Work to be completed ▸ Make an exact copy, from the records below, of the lines from the line containing "Glasses on a" to the line containing "nude man gestures", both lines included, excluding pictures.

Records ▸
-=-=-=-=-

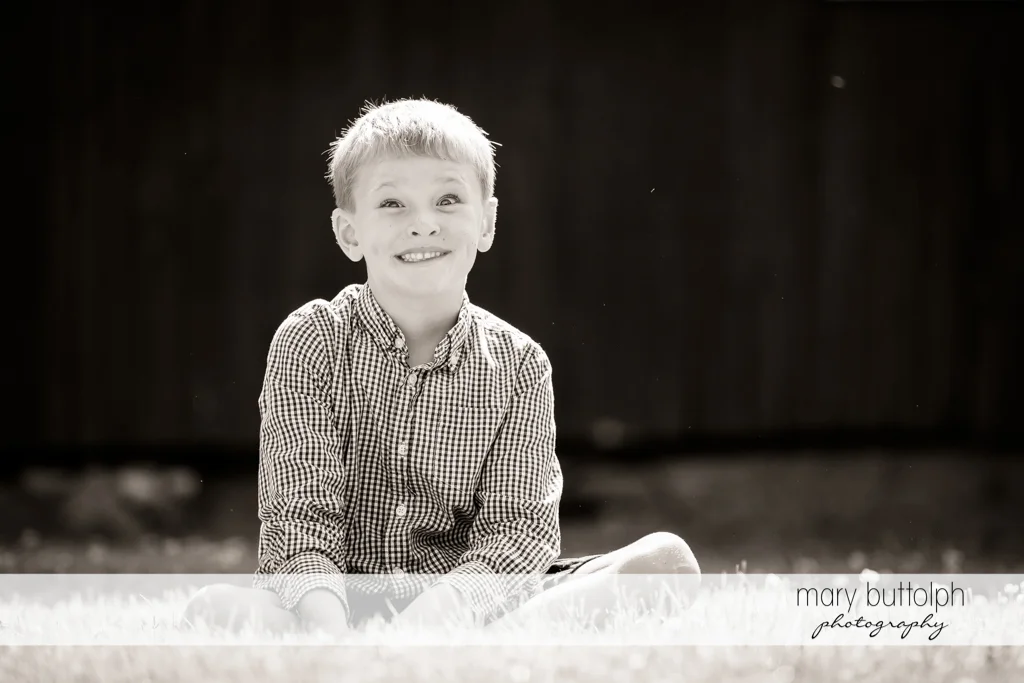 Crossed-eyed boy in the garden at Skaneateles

-=-=-=-=-

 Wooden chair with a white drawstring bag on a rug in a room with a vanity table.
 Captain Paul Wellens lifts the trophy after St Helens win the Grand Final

-=-=-=-=-

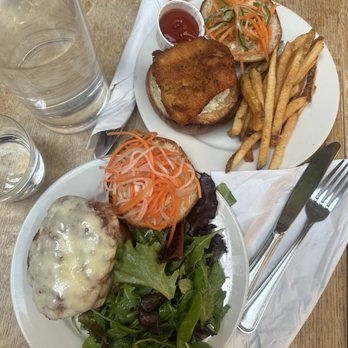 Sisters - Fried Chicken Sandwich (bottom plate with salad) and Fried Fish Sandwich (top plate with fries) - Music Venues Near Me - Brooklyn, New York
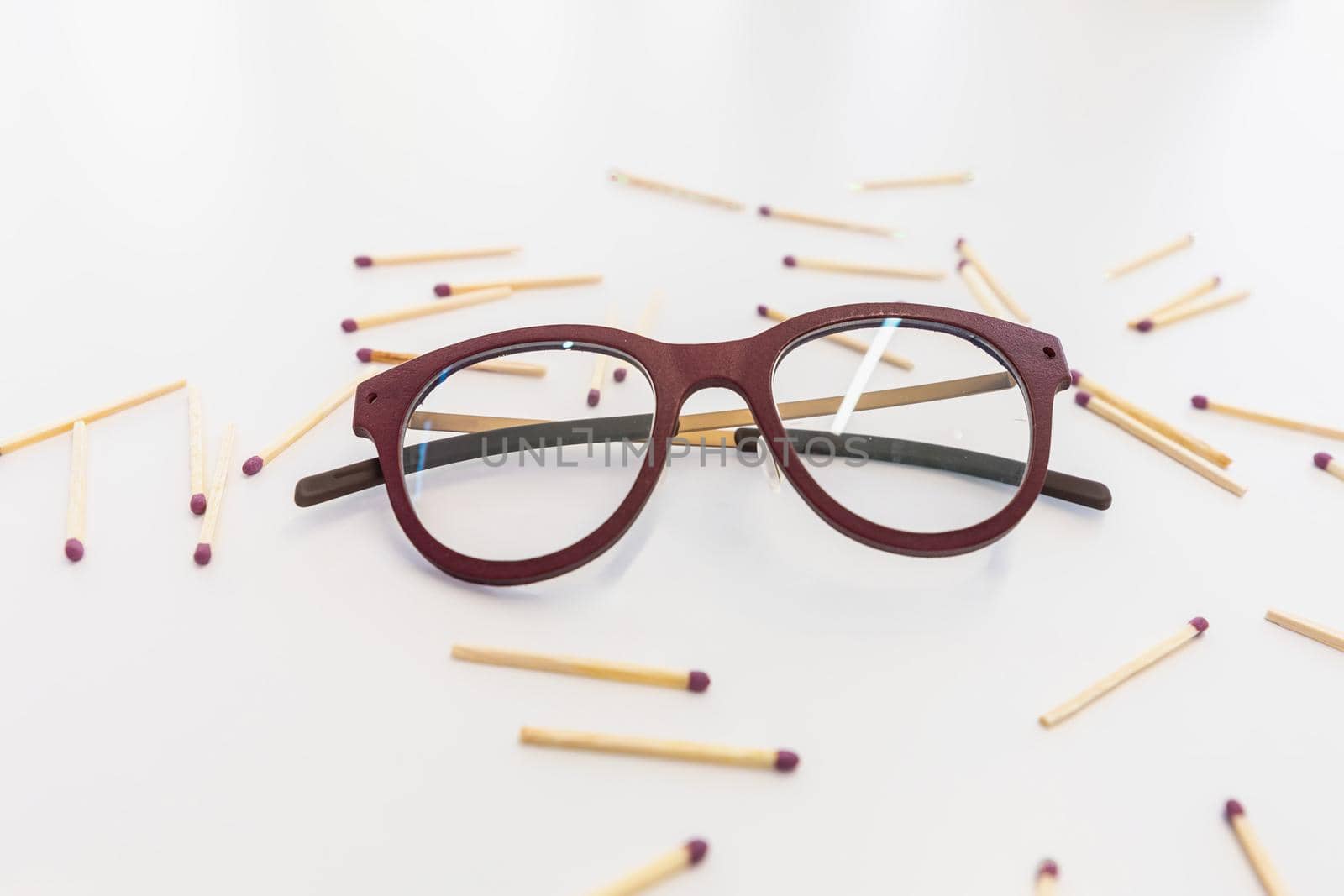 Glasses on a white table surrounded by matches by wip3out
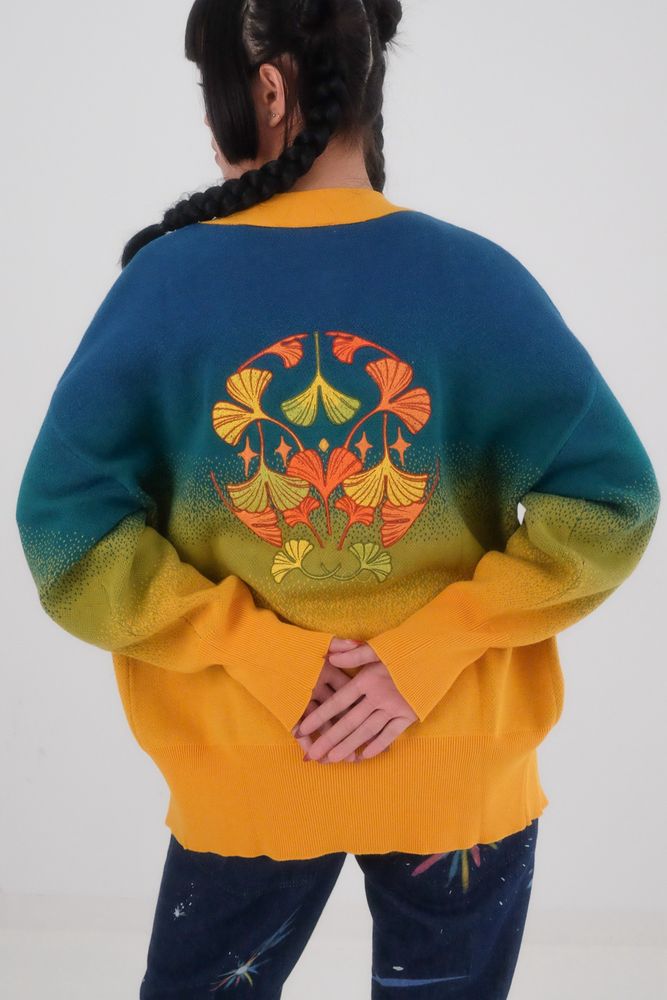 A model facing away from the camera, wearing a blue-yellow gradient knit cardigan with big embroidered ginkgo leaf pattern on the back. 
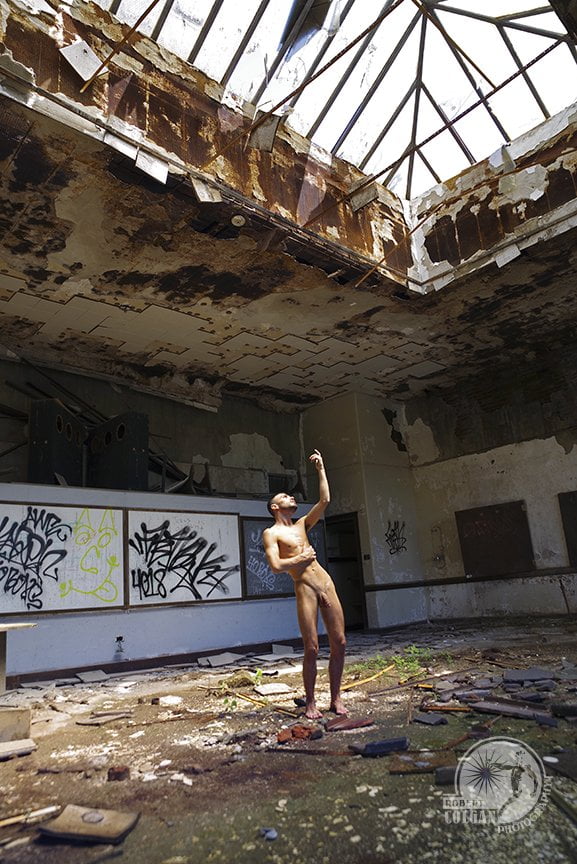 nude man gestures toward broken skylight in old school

-=-=-=-=-

Your solution ▸
 Glasses on a white table surrounded by matches by wip3out
 A model facing away from the camera, wearing a blue-yellow gradient knit cardigan with big embroidered ginkgo leaf pattern on the back. 
 nude man gestures toward broken skylight in old school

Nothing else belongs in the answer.